--- Available records Enclosed Below ---
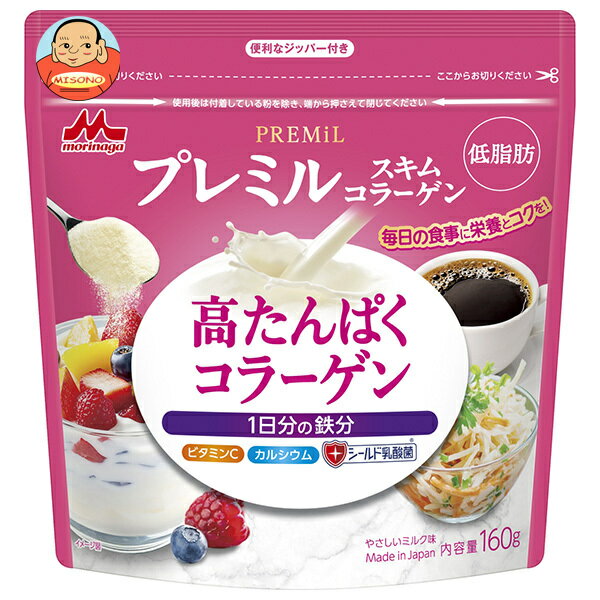 森永乳業 プレミルスキム コラーゲン 160g袋×12袋入｜ 送料無料 コラーゲン 栄養 ビタミン カルシウム ..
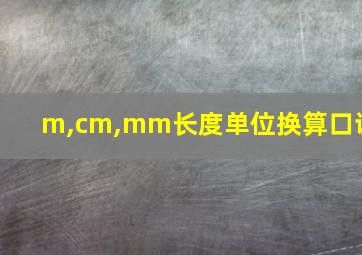 m,cm,mm长度单位换算口诀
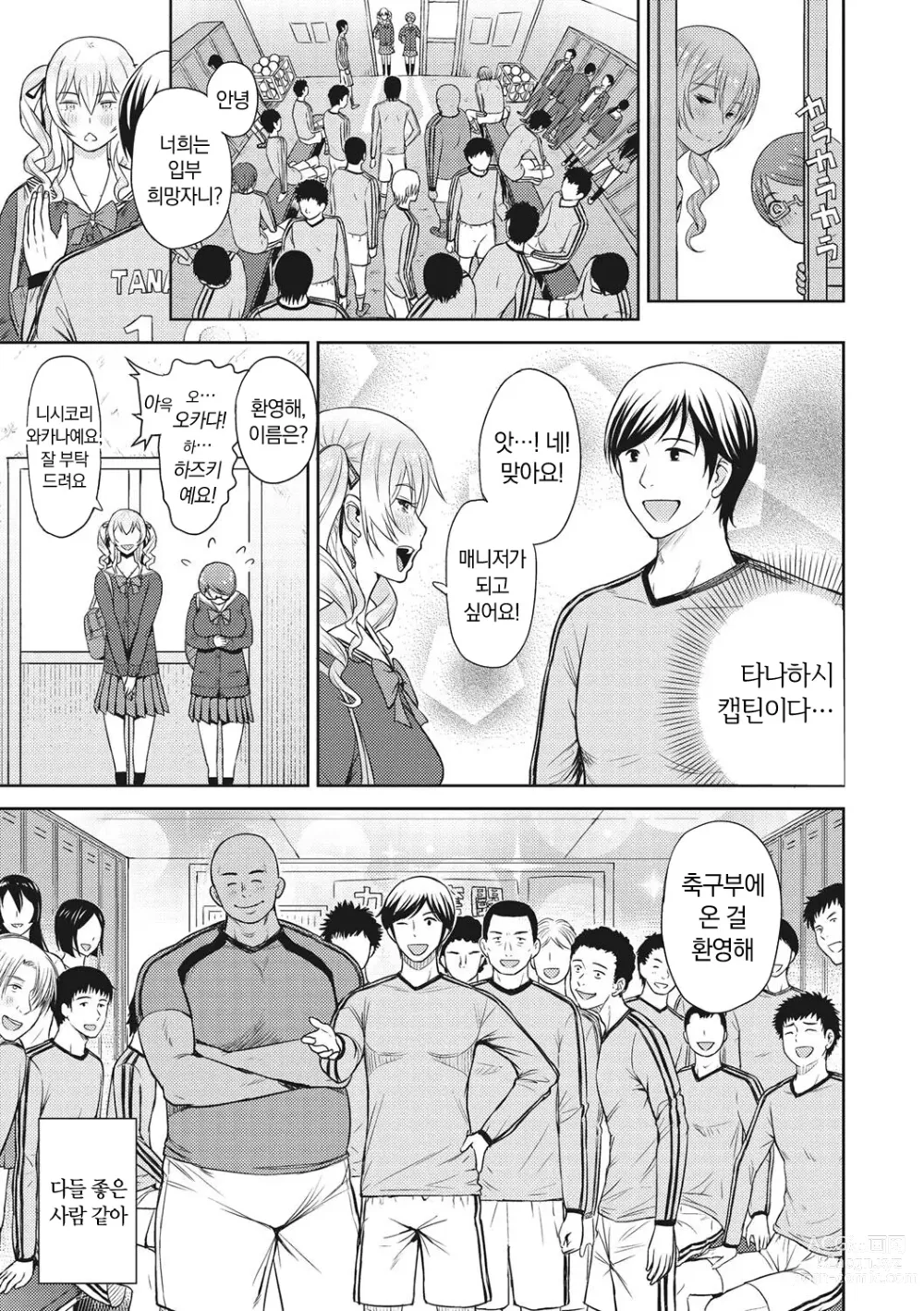 Page 200 of manga 소녀들의 욕망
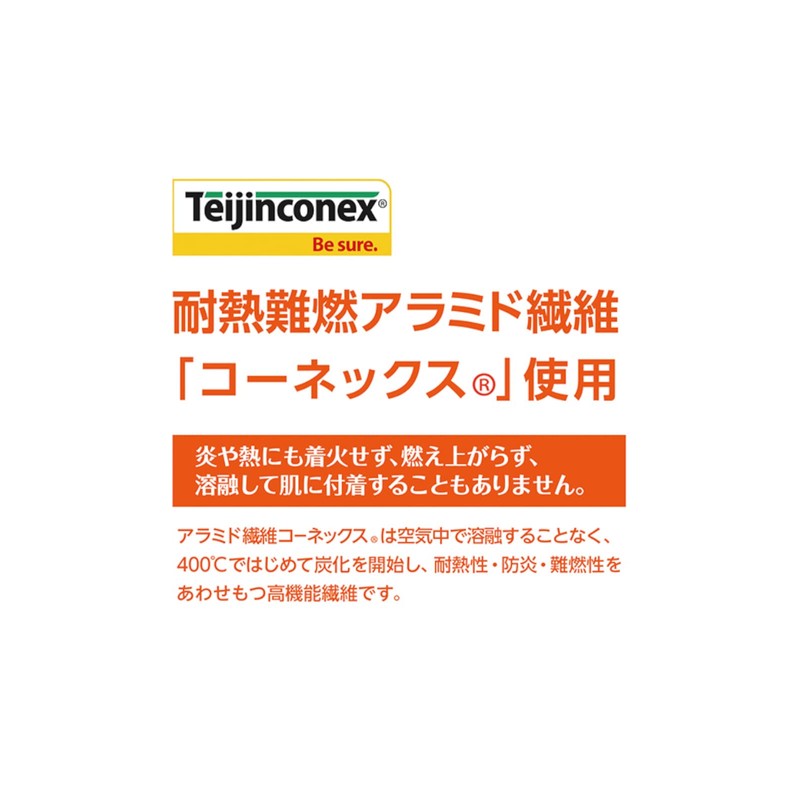 Fukutoku Sangyo #1500 Heat Resistant Flameproof Pile Woven Arm Cover,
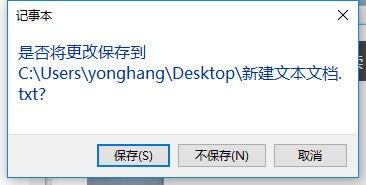 Win10专业版怎么打开命令提示符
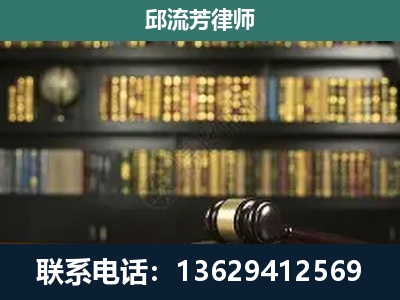 德钦-刑辩律师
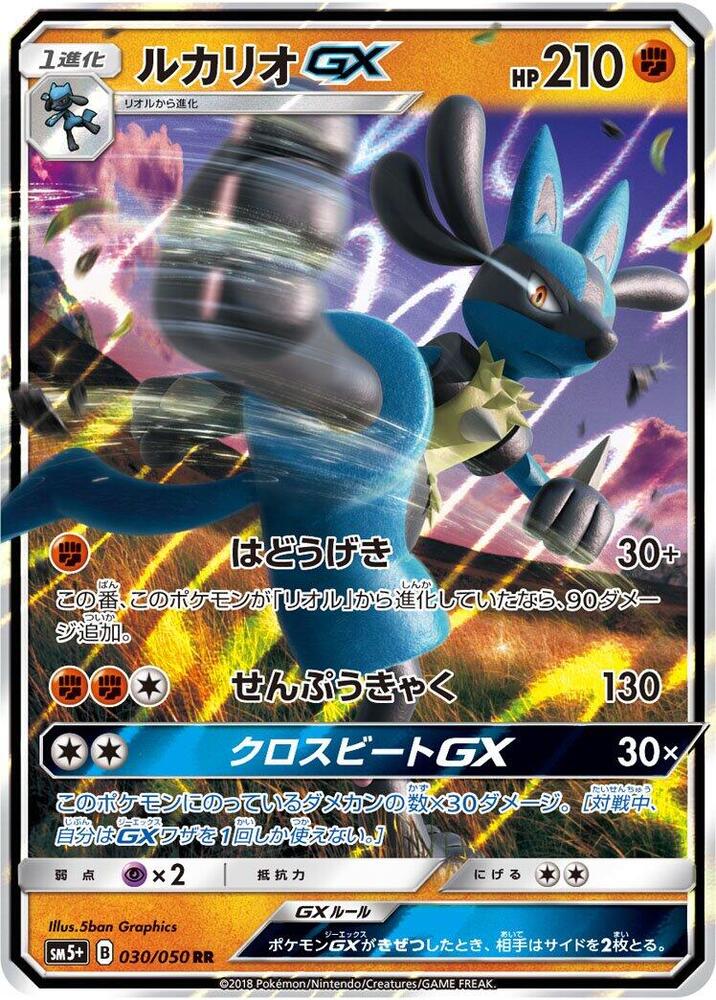 Lucario GX 030/050 card from SM5+: Ultra Force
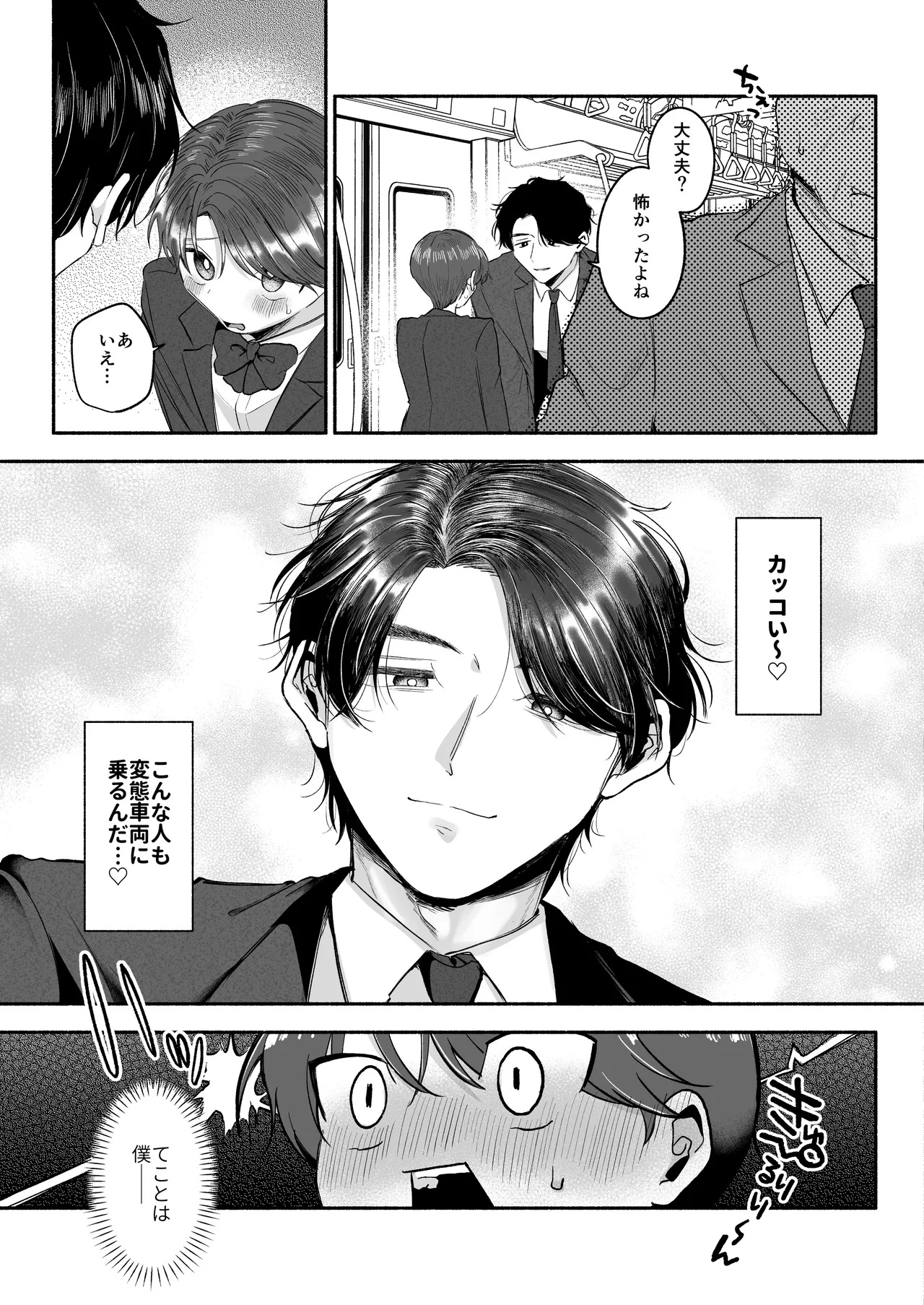 変態専用♡かなたくん Page.6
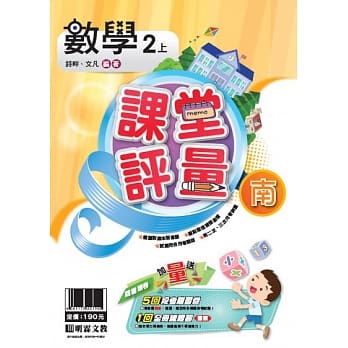 明霖国小课堂评量：数学(2上)南版(108学年) pdf epub mobi 电子书 下载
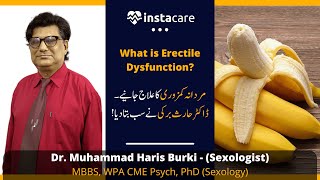 Erectile Dysfunction | Mardana Kamzori | Mardana Kamzori Ka ilaj in Urdu/Hindi by Dr. Haris Burki screenshot 2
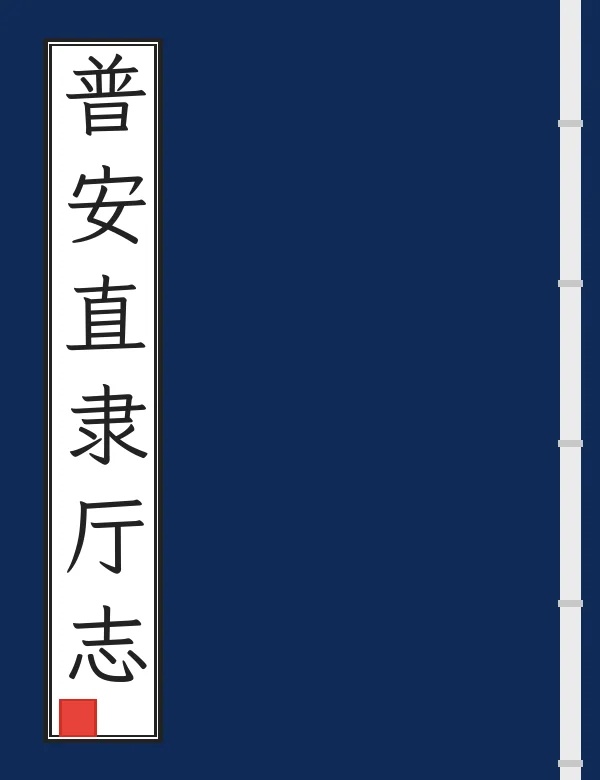 普安直隶厅志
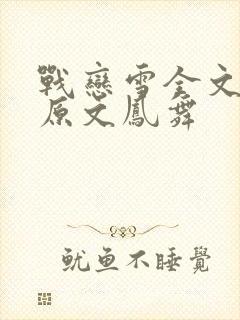 战恋雪全文阅读原文凤舞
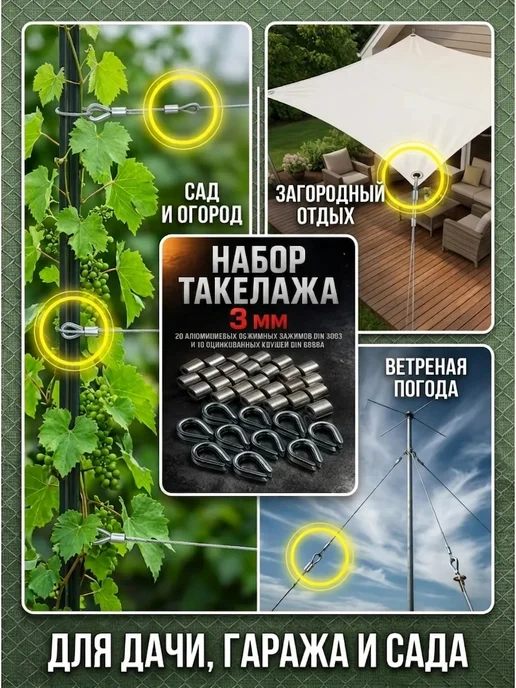 Комплект зажимов для троса 3 мм и коушей (набор 20+10), серый, фото 2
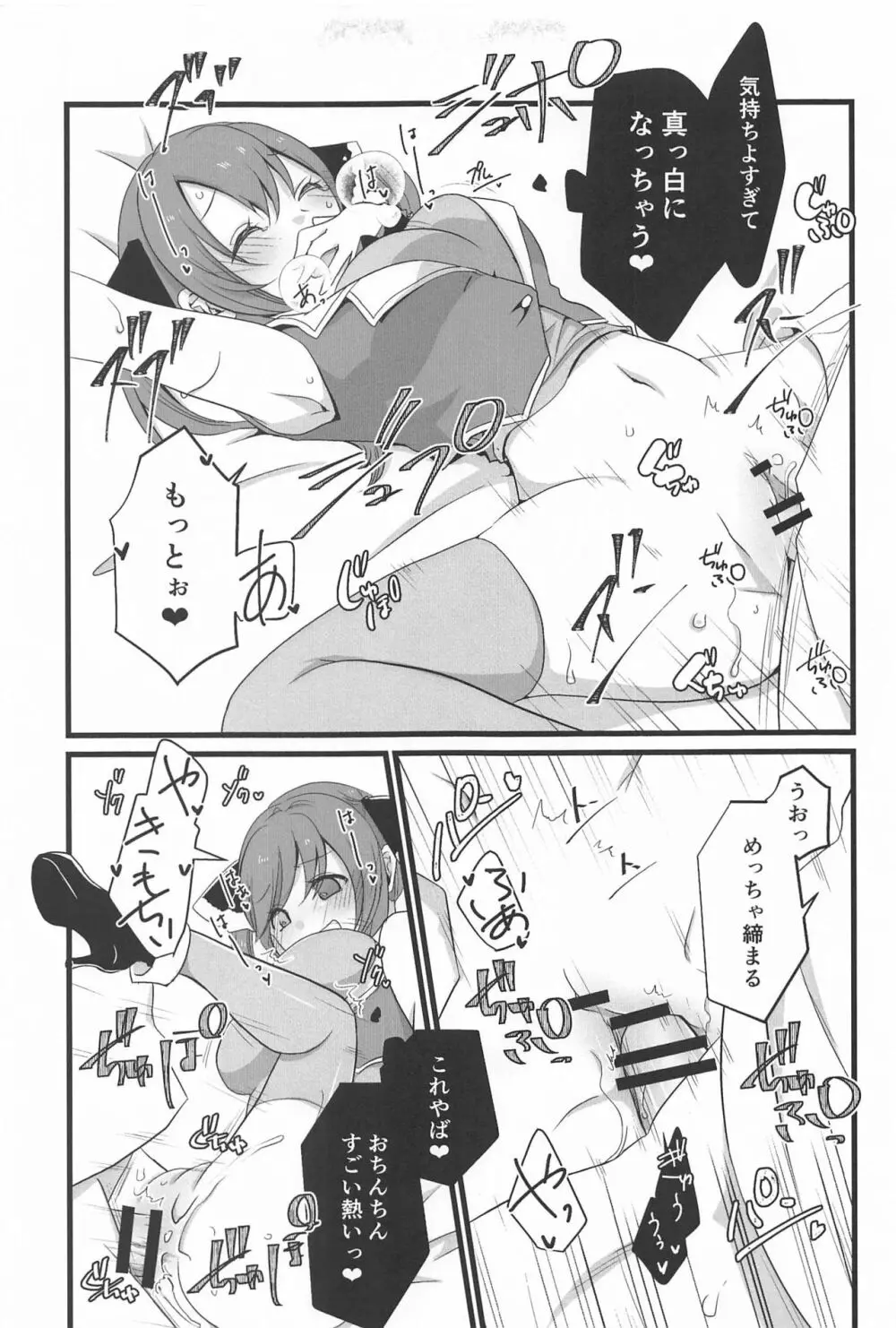 マリン船長のお手伝い Page.14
--- End of Enclosed Available records ---
» Exercise directions
What you need to copy is the run of lines from the one holding "Win10专业版怎么打开命令提示符" through the end of the data, exactly and only, both ends included, pictures omitted.

» Task answer
 Win10专业版怎么打开命令提示符
 德钦-刑辩律师
 Lucario GX 030/050 card from SM5+: Ultra Force
 変態専用♡かなたくん Page.6
 明霖国小课堂评量：数学(2上)南版(108学年) pdf epub mobi 电子书 下载
 Erectile Dysfunction | Mardana Kamzori | Mardana Kamzori Ka ilaj in Urdu/Hindi by Dr. Haris Burki screenshot 2
 普安直隶厅志
 战恋雪全文阅读原文凤舞
 Комплект зажимов для троса 3 мм и коушей (набор 20+10), серый, фото 2
 マリン船長のお手伝い Page.14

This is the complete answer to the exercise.